I tried /fallon1.html and scored:

<title>W 0 W!</title>
Nice work.  Here are the goodies in Nick's personal super secret dropbox:
<li><a href="hint.txt">A hint</a> - you'll need it
<li><a href="flagtres.txt">The third flag</a> - you're not hopeless after all
<li><a href="">Big Tom's encrypted pw backups</a> - because that big tub of dumb can never remember them
<!--Note: Still working on file upload capabilities in the P4TCH_4D4MS folder-->

So I got links to the hint, the third flag, and the encrypted backups. Also, a comment at the end suggested another folder called P4TCH_4D4MS with an upload function.

The third flag contained:

# curl -A iPhone
THREE OF 5 FLAGS - you're awesome sauce.

Flag data: TinyHead

The hint contained yet more clues:

Big Tom,

Your password vault is protected with (yep, you guessed it) a PASSWORD!  
And because you were choosing stupidiculous passwords like "password123" and "brakepad" I
enforced new password requirements on you...13 characters baby!
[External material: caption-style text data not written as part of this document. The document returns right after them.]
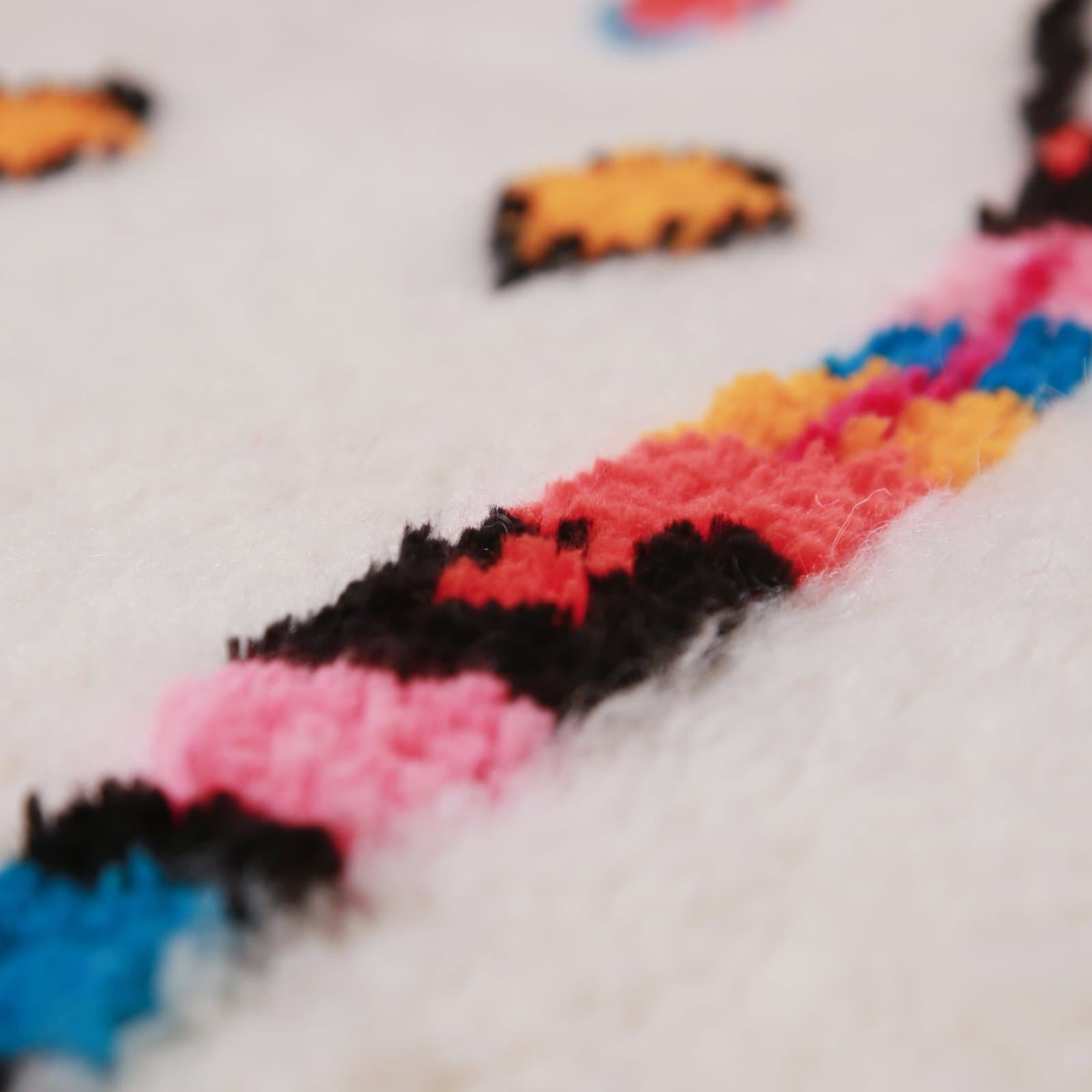 Zyra – Azilal Rug - Image 5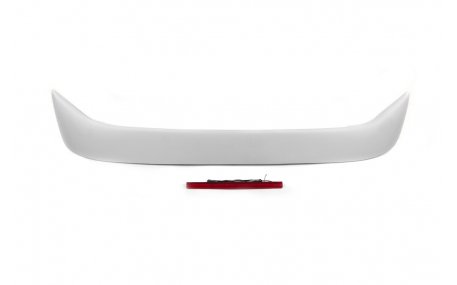 Спойлер Ford Transit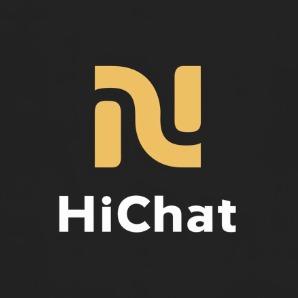 HiChat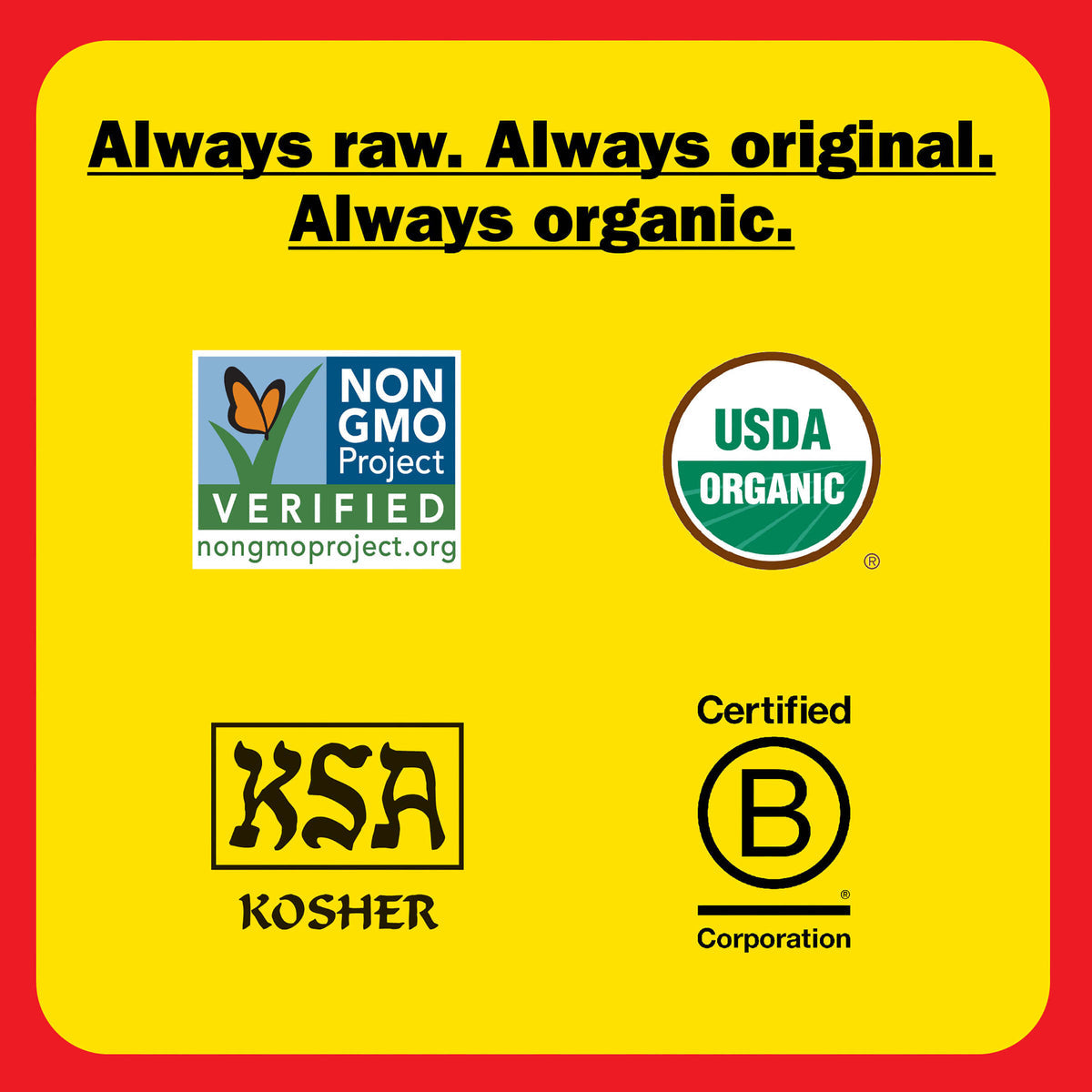 آرگینک اور اصلی ایپل سائڈر ونیگ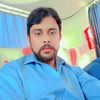 malikidrees311
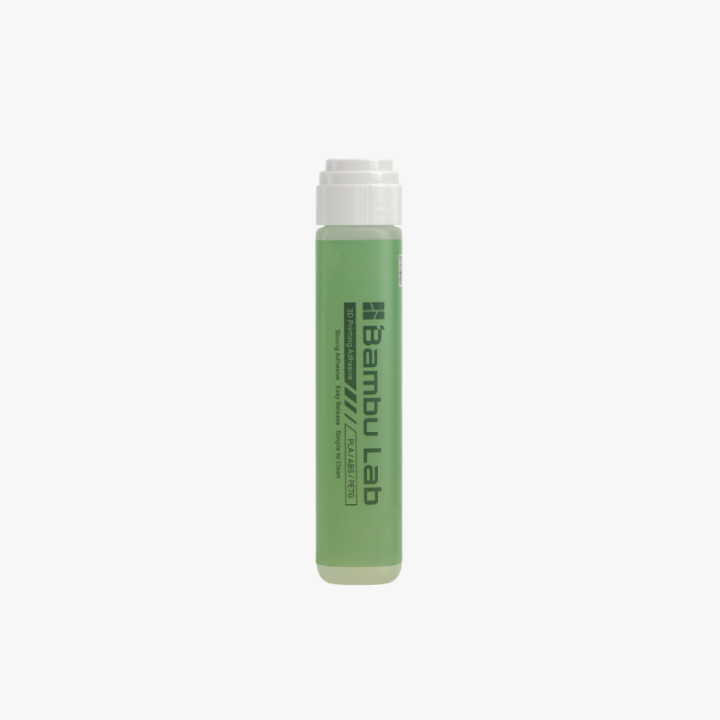 Bambu Lab Glue Stick Tabla Yapıştırıcı – SGL001 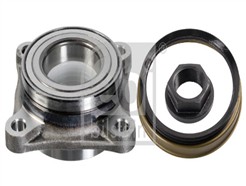 FEBI BILSTEIN 172952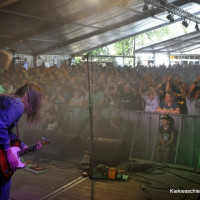 2019 hokersweekend 1163    small 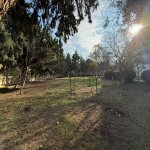 Satılır Torpaq, Şüvəlan, Xəzər rayonu 12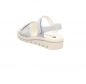 Preview: PieSanto 250779 blau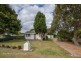 42 Drummond Street, Lockyer WA 6330
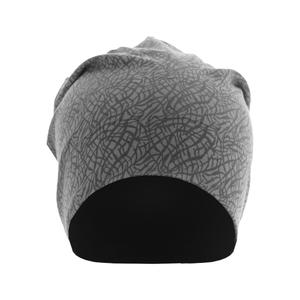 Mütze Masterdis printed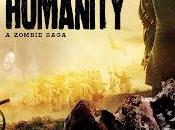 Exit Humanity primeros clips caratula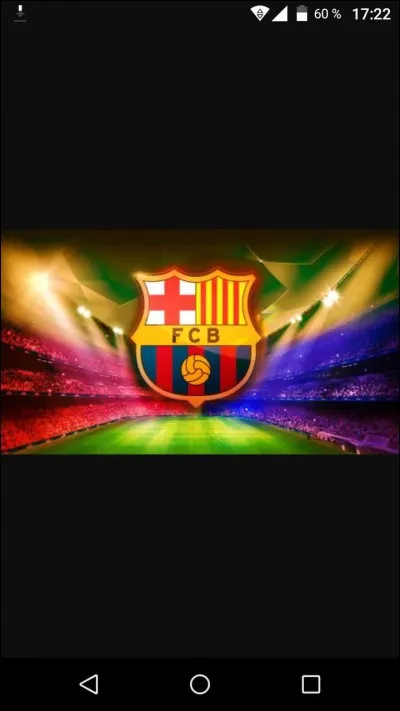 Quel numéro porte-t-il ?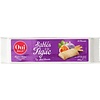 Fig Rolls - OUI love it! - 165g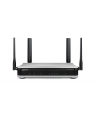 Lancom Systems 1800EF-5G (62140) - nr 5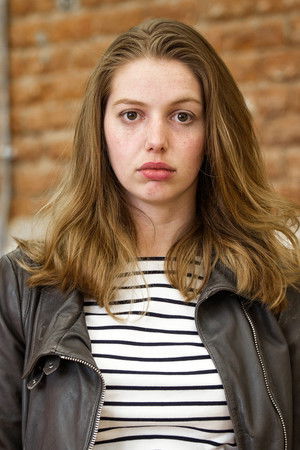 Can't Cope, Won't Cope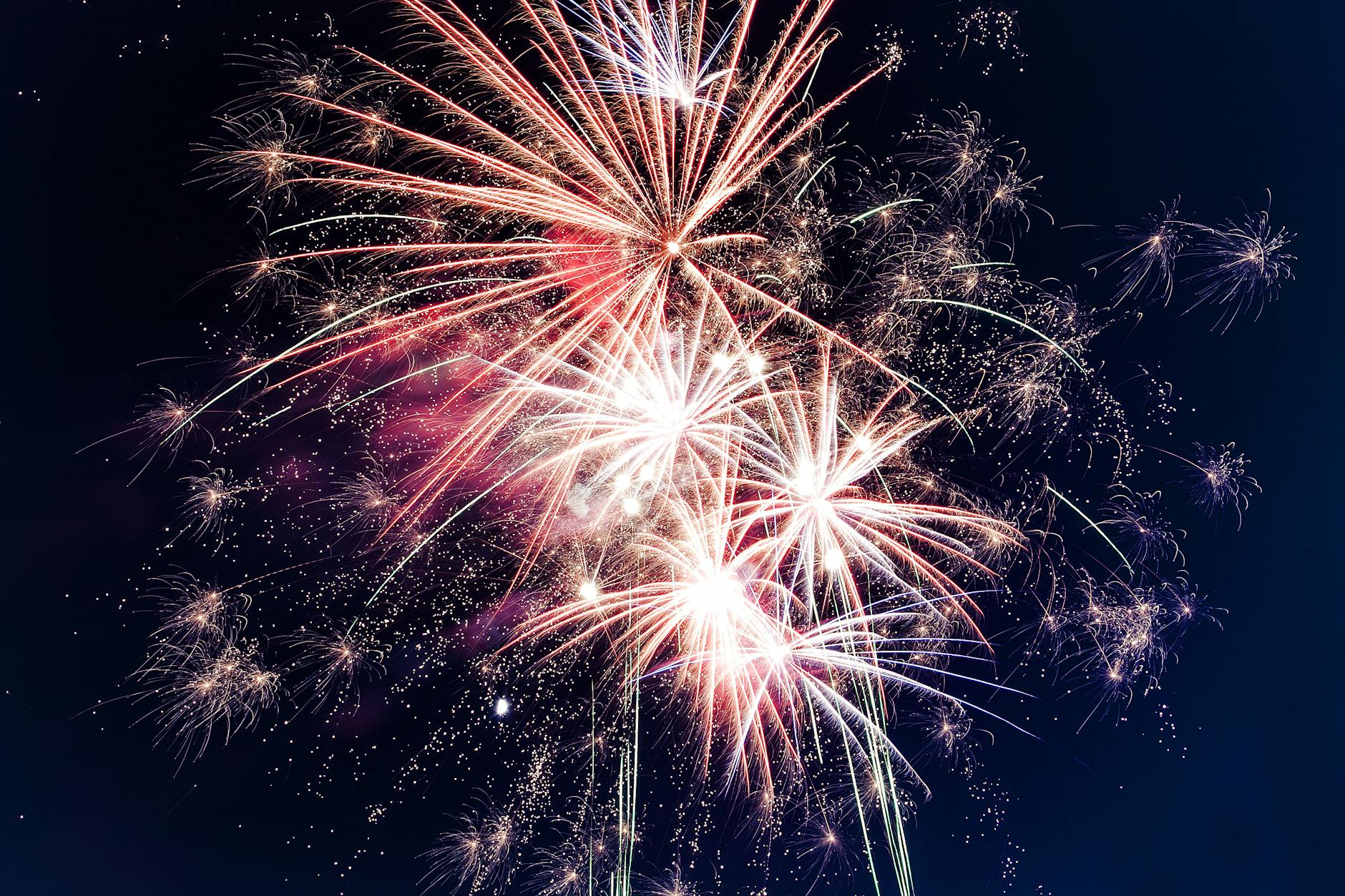 New Year’s Resolutions for Becoming Less Ableist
MUAHAHAHAHAH!!!

Your password is your wife's nickname "bev" (note it's all lowercase) plus the following:

* One uppercase character
* Two numbers
* Two lowercase characters
* One symbol
* The year Tommy Boy came out in theaters

Yeah, fat man, that's a lot of keys to push but make sure you type them altogether in one 
big chunk ok?  Heh, "big chunk."  A big chunk typing big chunks.  That's funny.



It looked like I had to specify some password cracking rules in order to crack the password protected backup. Not being a fan of brute-forcing and password cracking, I postponed that for a bit and looked into the P4TCH_4D4MS directory instead. As suggested in the comment, it allowed me to upload images. So I tried uploading a jpg:

The file richard.jpg has been uploaded to /uploads. 

Sure enough, the image could be found at Now I tried uploading a .php file and it didn’t work. I got the following message:

Sorry, only JPG, JPEG, PNG & GIF files are allowed, douchenozzle! Sorry, your file was not uploaded.  Want me to save your game of Minesweeper though? 

After some trial and error, I found that I could upload something like test.php.jpeg and it would accept it. I could download that file using curl, but it didn’t appear to be executing the PHP code. It did say in the comment that it was broken, so perhaps this was a troll.

In any case, I moved back to the password cracking. Based on the clues provided on the password format, and after pouring over John’s rules documentation, I came up with the following rule in john.conf that satisfied the password requirements:

$[A-Z] $[0-9]$[0-9] $[a-z]$[a-z] $[$%^&*()\-_+=|\<>\[\]{}#@/~] $1$9$9$5

I used john to generate a wordlist for me using the rule:

# cat /root/tommy/pass.txt
# ./john --wordlist=/root/tommy/pass.txt --stdout --rules:Tommy > /root/tommy/custom_wordlist.txt

The end result was 38,667,200 potential passwords. Time to start cracking:

# ./john --wordlist=/root/tommy/custom_wordlist.txt  /root/tommy/zip.john 
Using default input encoding: UTF-8
Loaded 1 password hash (PKZIP [32/64])
Warning: OpenMP is disabled; a non-OpenMP build may be faster
Press 'q' or Ctrl-C to abort, almost any other key for status
bevH00tr$1995    (
1g 0:00:00:01 DONE (2016-09-06 16:40) 0.5434g/s 5665Kp/s 5665Kc/s 5665KC/s bevH00re<1995..bevH00yi]1995
Use the "--show" option to display all of the cracked passwords reliably
Session completed

Got it. Password was bevH00tr$1995

# unzip 
[] passwords.txt password: 
  inflating: passwords.txt           

Now to finally see what was in here.

# cat passwords.txt
Sandusky Banking Site
Username: BigTommyC
Password: money (wedding site)
Username: TomC
Password: wedding

Callahan Auto Server
Username: bigtommysenior
Password: fatguyinalittlecoat

Note: after the "fatguyinalittlecoat" part there are some numbers, but I don't remember what they are.
However, I wrote myself a draft on the company blog with that information.

Callahan Company Blog
Username: bigtom(I think?)
Password: ??? 
Note: Whenever I ask Nick what the password is, he starts singing that famous Queen song.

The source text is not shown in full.